Netherlands’ only kosher slaughterhouse says it faces closure following export ban
Published July 17, 2017
(JTA) – The only kosher slaughterhouse in the Netherlands is facing closure because of a government-introduced ban on exporting its produce, the abattoir’s lawyer said.
Herman Loonstein made the assertion in a letter he sent last week on behalf of the Slagerij Marcus abattoir to leaders of the Dutch Jewish community, who on July 5 supported along with Muslim faith leaders the extension of an agreement on the terms of the production of meat which is produced without stunning animals before they are killed.
A clause in the document signed on July 5 states that the production of meat without stunning in the Netherlands will “not exceed the actual needs of communities present in the Netherlands” that require such meat.
For Slagerij Marcus this stipulation means a loss of approximately 40 percent of its income, which it derives from export, Loonstein told JTA, making its operation “financially untenable.”
The agreement was an extension and addition of an earlier deal signed between government officials and faith leaders in 2012. But the clause on exports was added to the original agreement in July, Loonstein said.
Stripped of 40 percent of its income, the Jewish slaughterhouse “cannot continue to exist,” Loonstein’s letter read. “In summation, the effectuation of the ban on export will mean the end of the last kosher slaughterhouse in the Netherlands.”

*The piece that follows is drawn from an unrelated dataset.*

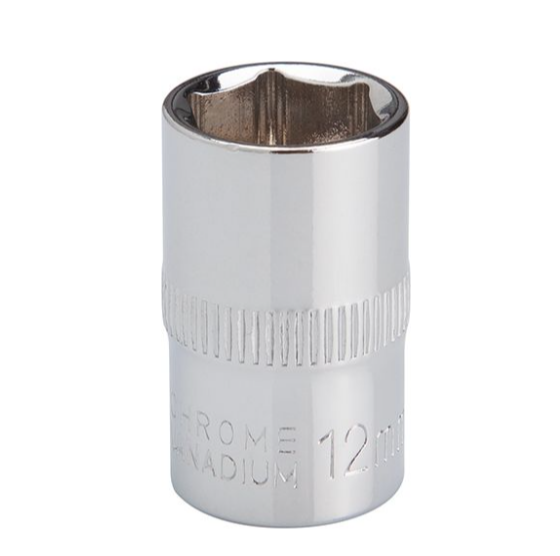 головка торцевая шестигранная 3/8"  12 мм CrV ET-0412 - зображення 2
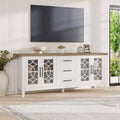 Meuble TV avec tiroirs de rangement, Meuble TV, Table console TV pour salon/chambre à coucher, Armoire de rangement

Religious laws in Islam and Judaism require animals be conscious when their necks are cut. Animal rights activist consider this practice cruel, though its advocates argue it results in less or equal suffering compared to industrial slaughter methods with stunning. Nationalists and anti-Islam activists also oppose ritual slaughter in Europe, ostensibly because they view it as foreign to their native culture.
In 2011, the Dutch lower house passed a ban on ritual slaughter with support from the Party for the Animals and the far-right Party for Freedom. But the Dutch Senate reversed the ban, arguing it was infringing on freedom of worship.
Two of Belgium’s three regions have passed in recent weeks regulation outlawing the production of kosher and halal meat.